18 февраля. Суббота. Все что-то поговаривают об воле. Разнесся слух, будто бы объявят волю 19-го, в воскресенье… Сегодня утром, часу в 3-м, один пьяный мужик закричал на улице: „Воля, ребята, воля!“ Его тотчас схватили. Созвали всех дворников. Влепили мужику 900 розог, а дворникам объявили, чтоб они при первом удобном случае доносили полиции, а в противном случае будет с ними поступлено, как с виновными».

Когда же один из дворников, не удержавшись, похвастался, что при объявлении свободы он первый закричит «ура», — обер-полицмейстер Паткуль вместо благодарности за верноподданнические чувства, — велит «влепить 250 розог»…
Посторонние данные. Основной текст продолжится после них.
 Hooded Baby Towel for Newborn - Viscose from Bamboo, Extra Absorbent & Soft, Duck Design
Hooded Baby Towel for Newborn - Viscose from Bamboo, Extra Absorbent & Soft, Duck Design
Все знают, — весь Петербург, Москва, вся Россия, что 19-го объявят. Знает Герцен в Лондоне, сообщает Тургеневу в Париж, ошибаясь всего на один день (4 марта вместо 3-го по новому стилю): «В Петербурге везде толпится народ — в кабаках, церквах, банях, на торгу, в театре, — все говорит об освобождении»…

Меж тем позавчера столичный генерал-губернатор Игнатьев объявил в газетах: «19 февраля никаких правительственных распоряжений по крестьянскому делу обнародовано не будет»; прочитав эти строки, некоторые сановники испугались: можно было бы вставить спасительное словечко «еще»: «еще обнародовано не будет»… А то вдруг толпа решит, будто свободы вообще не будет, и тогда — в топоры!

Толпа, однако, на удивление спокойна, ибо точно знает, что 19-го — будет!

Откуда знает?

Во-первых, догадываются, что важный закон царь захочет подписать в свой день.

Во-вторых, типографии. В секрете, под строжайшей охраной, там печатают день и ночь Манифест и «Положение». 280 тысяч экземпляров; заранее рассчитано, какие листы где набирать, чтобы никакой наборщик не сумел соединить и пустить на волю хотя бы один законченный текст. Типографы, однако, люди сообразительные…

Текст Манифеста составляет главный златоуст империи 78-летний московский митрополит Филарет; 22 закона, изложенных тяжелым, малопонятным языком: митрополит с успехом выполнял известное в бюрократическом мире правило — «законы надлежит писать неясно, чтобы народ чувствовал необходимость прибегать к власти для их истолкования».

Текст неясен, но найдется немало грамотных, понятливых противников власти, которые после растолкуют остальным…

Наконец, 19-го и следующие дни во дворце принимают инструкции сорок флигель-адъютантов и генералов свиты; вскоре они помчатся в губернии — руководить, наблюдать. Валуев находит, что «великие дела не лишены некоторой доли комизма. Каждого из этих господ государственный секретарь Бутков снабдил особым официальным чемоданом с официальным ключом и за печатью. В этих чемоданах везутся новые крестьянские Положения, которые везущими должны быть сданы губернаторам».